* WORK TO BE COMPLETED: Your answer should be the lines below from the one with "Paw Patrol bibs 3-pack" to the one with "Archiv Foto Webcam", both included, given again exactly and with nothing added.

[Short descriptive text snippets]

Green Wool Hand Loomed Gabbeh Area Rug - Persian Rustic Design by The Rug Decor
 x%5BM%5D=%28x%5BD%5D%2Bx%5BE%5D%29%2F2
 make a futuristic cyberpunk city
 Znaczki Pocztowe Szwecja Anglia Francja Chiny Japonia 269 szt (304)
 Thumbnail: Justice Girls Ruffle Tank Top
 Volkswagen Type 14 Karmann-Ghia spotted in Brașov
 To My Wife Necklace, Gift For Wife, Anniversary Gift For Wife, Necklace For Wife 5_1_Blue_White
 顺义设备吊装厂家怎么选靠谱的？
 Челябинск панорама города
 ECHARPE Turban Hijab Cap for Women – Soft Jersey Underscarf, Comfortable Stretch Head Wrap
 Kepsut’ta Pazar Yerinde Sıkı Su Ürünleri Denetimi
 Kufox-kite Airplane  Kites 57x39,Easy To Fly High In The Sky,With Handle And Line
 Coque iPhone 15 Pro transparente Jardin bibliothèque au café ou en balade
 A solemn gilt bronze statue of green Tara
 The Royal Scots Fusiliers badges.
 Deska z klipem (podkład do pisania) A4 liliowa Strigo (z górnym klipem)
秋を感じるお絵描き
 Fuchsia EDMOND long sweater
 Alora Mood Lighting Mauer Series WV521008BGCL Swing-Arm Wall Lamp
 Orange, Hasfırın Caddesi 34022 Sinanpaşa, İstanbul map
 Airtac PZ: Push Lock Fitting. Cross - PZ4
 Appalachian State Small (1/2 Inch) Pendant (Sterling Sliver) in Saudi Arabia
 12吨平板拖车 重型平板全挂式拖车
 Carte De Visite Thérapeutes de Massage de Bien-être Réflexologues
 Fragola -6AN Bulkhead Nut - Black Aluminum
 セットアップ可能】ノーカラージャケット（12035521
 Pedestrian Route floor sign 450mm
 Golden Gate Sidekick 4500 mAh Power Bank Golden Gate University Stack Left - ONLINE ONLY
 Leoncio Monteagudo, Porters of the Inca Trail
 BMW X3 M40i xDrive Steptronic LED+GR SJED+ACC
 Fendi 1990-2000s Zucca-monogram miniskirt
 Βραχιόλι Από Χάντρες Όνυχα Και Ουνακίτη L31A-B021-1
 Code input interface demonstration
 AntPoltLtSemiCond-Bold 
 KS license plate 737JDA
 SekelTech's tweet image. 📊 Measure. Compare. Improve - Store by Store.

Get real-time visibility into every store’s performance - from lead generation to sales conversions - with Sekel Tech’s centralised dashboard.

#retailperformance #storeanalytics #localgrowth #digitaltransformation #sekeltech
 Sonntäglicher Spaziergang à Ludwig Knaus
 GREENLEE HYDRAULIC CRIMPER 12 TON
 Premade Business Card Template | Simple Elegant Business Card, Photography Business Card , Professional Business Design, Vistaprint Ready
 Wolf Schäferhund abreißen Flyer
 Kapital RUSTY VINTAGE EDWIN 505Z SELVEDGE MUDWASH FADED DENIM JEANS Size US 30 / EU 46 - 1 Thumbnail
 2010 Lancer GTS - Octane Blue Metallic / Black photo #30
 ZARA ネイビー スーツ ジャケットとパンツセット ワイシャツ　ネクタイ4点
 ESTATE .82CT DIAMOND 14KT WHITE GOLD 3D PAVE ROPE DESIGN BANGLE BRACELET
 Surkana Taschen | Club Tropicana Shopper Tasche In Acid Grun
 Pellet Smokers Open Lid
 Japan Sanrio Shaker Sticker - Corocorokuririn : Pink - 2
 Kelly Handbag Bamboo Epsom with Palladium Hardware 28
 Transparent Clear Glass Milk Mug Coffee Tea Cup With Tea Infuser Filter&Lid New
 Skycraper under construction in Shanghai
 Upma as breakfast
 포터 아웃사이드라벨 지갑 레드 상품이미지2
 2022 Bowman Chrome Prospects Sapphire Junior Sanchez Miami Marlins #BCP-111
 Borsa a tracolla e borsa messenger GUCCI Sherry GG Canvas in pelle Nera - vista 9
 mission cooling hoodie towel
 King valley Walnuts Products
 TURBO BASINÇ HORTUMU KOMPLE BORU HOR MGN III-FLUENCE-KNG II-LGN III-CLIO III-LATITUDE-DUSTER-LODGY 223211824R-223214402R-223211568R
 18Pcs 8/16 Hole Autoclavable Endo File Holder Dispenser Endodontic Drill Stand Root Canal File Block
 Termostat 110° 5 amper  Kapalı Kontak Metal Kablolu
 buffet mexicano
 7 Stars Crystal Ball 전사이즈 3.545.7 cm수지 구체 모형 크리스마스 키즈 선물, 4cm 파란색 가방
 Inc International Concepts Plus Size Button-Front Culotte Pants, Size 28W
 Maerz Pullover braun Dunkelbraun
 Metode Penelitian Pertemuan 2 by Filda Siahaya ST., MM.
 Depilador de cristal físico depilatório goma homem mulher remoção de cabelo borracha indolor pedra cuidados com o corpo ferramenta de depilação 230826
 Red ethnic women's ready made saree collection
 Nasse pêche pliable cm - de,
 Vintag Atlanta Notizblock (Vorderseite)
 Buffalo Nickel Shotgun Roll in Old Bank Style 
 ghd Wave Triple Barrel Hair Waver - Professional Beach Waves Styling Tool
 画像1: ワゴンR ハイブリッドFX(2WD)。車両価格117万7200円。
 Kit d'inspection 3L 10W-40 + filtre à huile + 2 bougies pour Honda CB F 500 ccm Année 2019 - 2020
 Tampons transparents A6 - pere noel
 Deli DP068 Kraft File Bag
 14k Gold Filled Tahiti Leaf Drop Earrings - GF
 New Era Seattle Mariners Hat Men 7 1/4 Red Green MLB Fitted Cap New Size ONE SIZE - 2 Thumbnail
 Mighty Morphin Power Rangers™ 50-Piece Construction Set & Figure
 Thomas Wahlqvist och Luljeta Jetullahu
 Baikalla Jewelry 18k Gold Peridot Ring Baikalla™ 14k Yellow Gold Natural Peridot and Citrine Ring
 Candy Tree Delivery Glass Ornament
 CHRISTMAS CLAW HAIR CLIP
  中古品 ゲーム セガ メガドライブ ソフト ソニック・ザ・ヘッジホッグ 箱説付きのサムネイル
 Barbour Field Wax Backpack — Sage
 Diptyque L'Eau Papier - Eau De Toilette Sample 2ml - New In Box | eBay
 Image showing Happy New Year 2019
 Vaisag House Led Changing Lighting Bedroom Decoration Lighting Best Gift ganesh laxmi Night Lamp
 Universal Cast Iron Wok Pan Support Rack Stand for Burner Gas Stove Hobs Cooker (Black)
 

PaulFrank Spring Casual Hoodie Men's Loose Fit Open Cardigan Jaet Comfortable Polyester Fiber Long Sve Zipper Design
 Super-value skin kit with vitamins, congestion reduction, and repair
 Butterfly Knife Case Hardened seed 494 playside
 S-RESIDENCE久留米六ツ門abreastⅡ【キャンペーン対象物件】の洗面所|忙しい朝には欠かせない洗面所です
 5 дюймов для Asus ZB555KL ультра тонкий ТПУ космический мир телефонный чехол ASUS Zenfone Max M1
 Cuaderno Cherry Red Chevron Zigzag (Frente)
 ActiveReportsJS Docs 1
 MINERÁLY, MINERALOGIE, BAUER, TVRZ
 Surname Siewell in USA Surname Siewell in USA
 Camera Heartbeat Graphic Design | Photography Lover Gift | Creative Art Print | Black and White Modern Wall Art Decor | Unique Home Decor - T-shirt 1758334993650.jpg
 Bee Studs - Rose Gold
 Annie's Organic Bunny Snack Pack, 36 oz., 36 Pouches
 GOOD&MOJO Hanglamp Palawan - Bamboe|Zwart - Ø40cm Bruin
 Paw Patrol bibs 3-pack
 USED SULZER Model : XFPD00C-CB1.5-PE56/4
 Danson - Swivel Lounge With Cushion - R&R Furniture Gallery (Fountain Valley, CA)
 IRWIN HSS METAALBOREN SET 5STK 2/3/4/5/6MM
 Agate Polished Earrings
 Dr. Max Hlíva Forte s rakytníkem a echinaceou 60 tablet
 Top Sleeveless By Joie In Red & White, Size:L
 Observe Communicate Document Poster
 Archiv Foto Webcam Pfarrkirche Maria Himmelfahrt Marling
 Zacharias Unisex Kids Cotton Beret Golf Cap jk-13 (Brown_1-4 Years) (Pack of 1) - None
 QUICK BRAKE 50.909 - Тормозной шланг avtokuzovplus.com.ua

* RESULT:
 Paw Patrol bibs 3-pack
 USED SULZER Model : XFPD00C-CB1.5-PE56/4
 Danson - Swivel Lounge With Cushion - R&R Furniture Gallery (Fountain Valley, CA)
 IRWIN HSS METAALBOREN SET 5STK 2/3/4/5/6MM
 Agate Polished Earrings
 Dr. Max Hlíva Forte s rakytníkem a echinaceou 60 tablet
 Top Sleeveless By Joie In Red & White, Size:L
 Observe Communicate Document Poster
 Archiv Foto Webcam Pfarrkirche Maria Himmelfahrt Marling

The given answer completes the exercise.